La conscience morale, donnée immédiate
Conscience ! Conscience ! Instinct divin, immortelle et céleste voix ; guide assuré d'un être ignorant et borné, mais intelligent et libre ; juge infaillible du bien et du mal, qui rends l'homme semblable à Dieu, c'est toi qui fais l'excellence de sa nature et la moralité de ses actions ; sans toi je ne sens rien en moi qui m'élève au-dessus des bêtes, que le triste privilège de m'égarer d'erreurs en erreurs à l'aide d'un entendement sans règle et d'une raison sans principe. Grâce au ciel, nous voilà délivrés de tout cet effrayant appareil de philosophie : nous pouvons être hommes sans être savants ; dispensés de consumer notre vie à l'étude de la morale, nous avons à moindres frais un guide plus assuré dans ce dédale immense des opinions humaines. Mais ce n'est pas assez que ce guide existe, il faut savoir le reconnaître et le suivre. S'il parle à tous les cœurs, pourquoi donc y en a-t-il si peu qui l'entendent ? Eh ! C'est qu'il parle la langue de la nature que tout nous a fait oublier. La conscience est timide, elle aime la retraite et la paix ; le monde et le bruit l'épouvantent ; les préjugés dont on l'a fait naître sont ses plus cruels ennemis [...], il en coûte autant de le rappeler qu'il en coûta de la bannir.
Jean-Jacques Rousseau
Émile ou De l'éducation, Paris, éd. Garnier (1961)
1762
Pour Rousseau, la conscience morale est innée et inscrite dans la nature humaine.

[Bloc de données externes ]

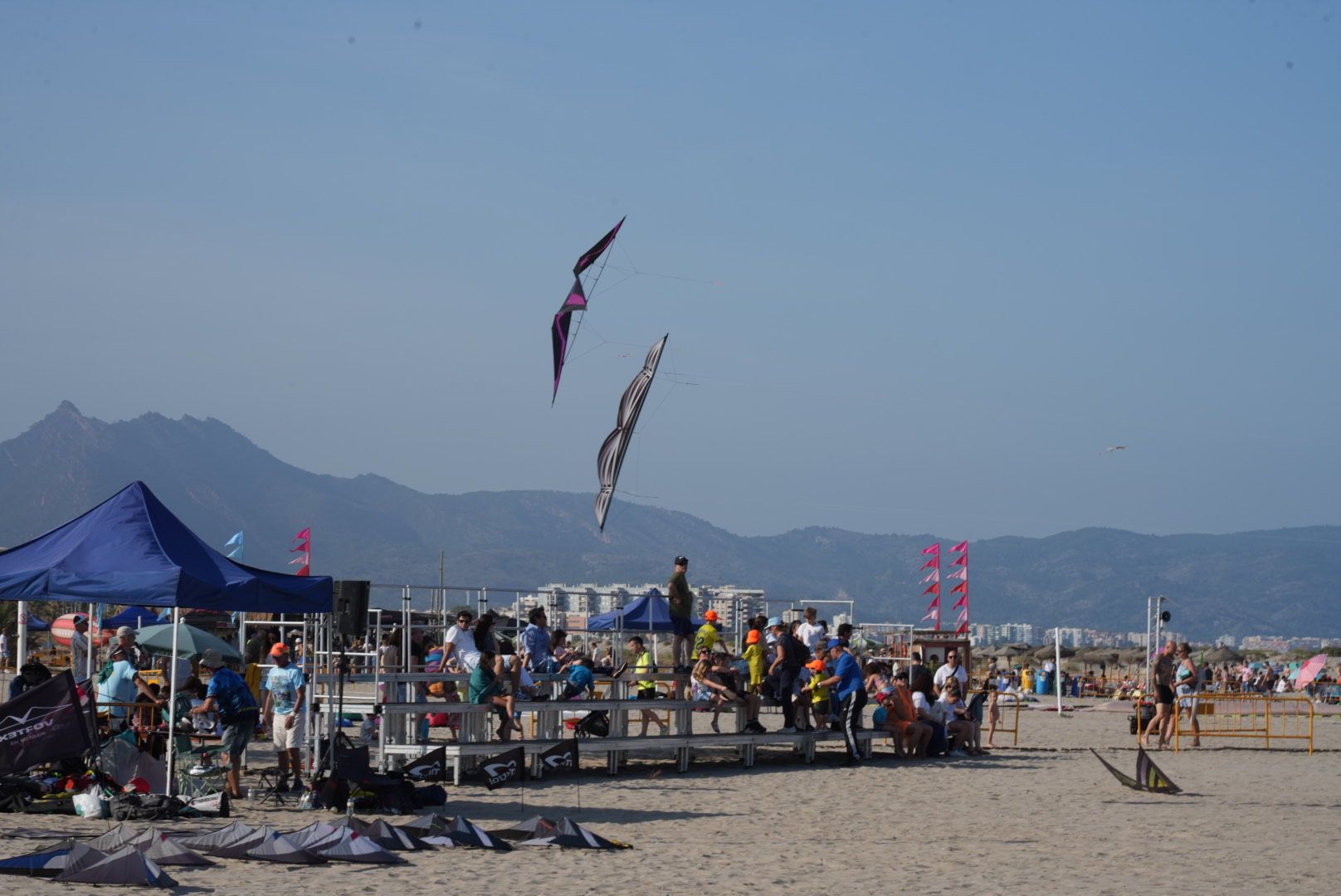 Las imágenes de la primera jornada del espectacular Festival del Viento de Castelló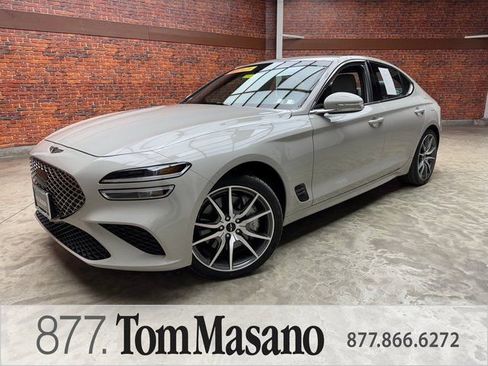 Used 2025 Genesis G70 2.5T image 1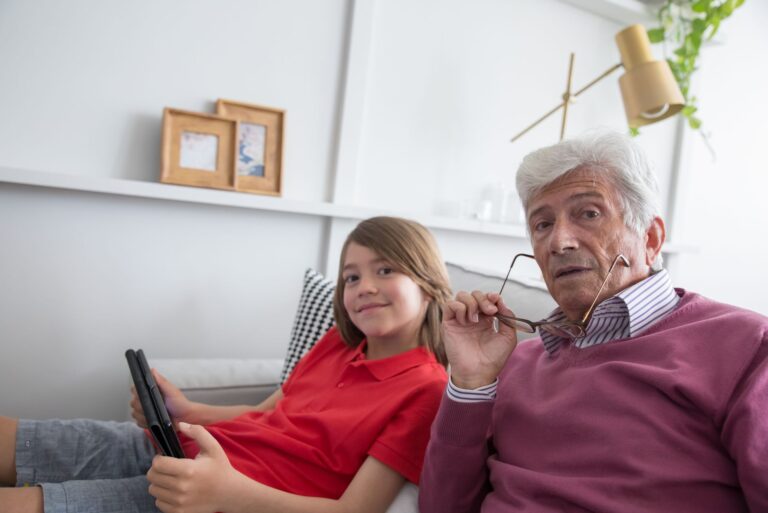 Can Intergenerational Programs Help Alzheimer's Patients? - Featured image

Il n'est rien qui puisse sans restriction être tenu pour bon, si ce n'est seulement une bonne volonté.
Emmanuel Kant
Fondements de la métaphysique des mœurs, (Grundlegung zur Metaphysik der Sitten), trad. Victor Delbos, Paris, éd. Le Livre de Poche (1993)
1785
La "bonne intention" de Kant n'est pas la conscience morale de Rousseau (conscience formée et éduquée) c'est la bonne volonté spontanée de la "moralité commune" à laquelle la philosophie et l'éducation donnent forme par la suite.
De la morale à l'éthique
Agis de manière à traiter la personne humaine, aussi bien en toi-même qu'en autrui, toujours en même temps comme une fin et jamais simplement comme un moyen.
Emmanuel Kant
Fondements de la métaphysique des mœurs, (Grundlegung zur Metaphysik der Sitten), trad. Victor Delbos, Paris, éd. Le Livre de Poche (1993)
1785
Kant livre ici son impératif catégorique : la personne humaine doit toujours être une fin en soi et respectée de façon absolue.
Le visage s'impose à moi sans que je puisse rester sourd à son appel, ni l'oublier, je veux dire, sans que je puisse cesser d'être responsable de sa misère. La conscience perd sa première place. La présence du visage signifie ainsi un ordre irrécusable – un commandement – qui arrête la disponibilité de la conscience.
Emmanuel Lévinas
L'Humanisme de l'autre homme, Paris, éd. Le Livre de Poche (1987)
1972
Pour Lévinas, on rencontre toujours l'autre par le visage. Celui-ci est vulnérable, fragile. Lorsque l'on voit son visage, on comprend l'altérité totale de l'autre, la personne surgit du néant et on la voit en pleine lumière. On ne peut lui faire du mal.